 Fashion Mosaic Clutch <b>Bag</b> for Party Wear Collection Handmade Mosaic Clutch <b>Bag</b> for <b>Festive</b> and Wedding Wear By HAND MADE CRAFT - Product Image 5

---

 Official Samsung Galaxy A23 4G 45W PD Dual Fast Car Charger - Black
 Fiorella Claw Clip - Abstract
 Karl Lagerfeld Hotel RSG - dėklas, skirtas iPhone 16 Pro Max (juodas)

*TASK DIRECTIONS:*
Repeat word for word the lines above that run from the line containing "Official Samsung Galaxy" through the line containing "Karl Lagerfeld Hotel", both ends included, and nothing else.

*ANSWER BELOW:*
 Official Samsung Galaxy A23 4G 45W PD Dual Fast Car Charger - Black
 Fiorella Claw Clip - Abstract
 Karl Lagerfeld Hotel RSG - dėklas, skirtas iPhone 16 Pro Max (juodas)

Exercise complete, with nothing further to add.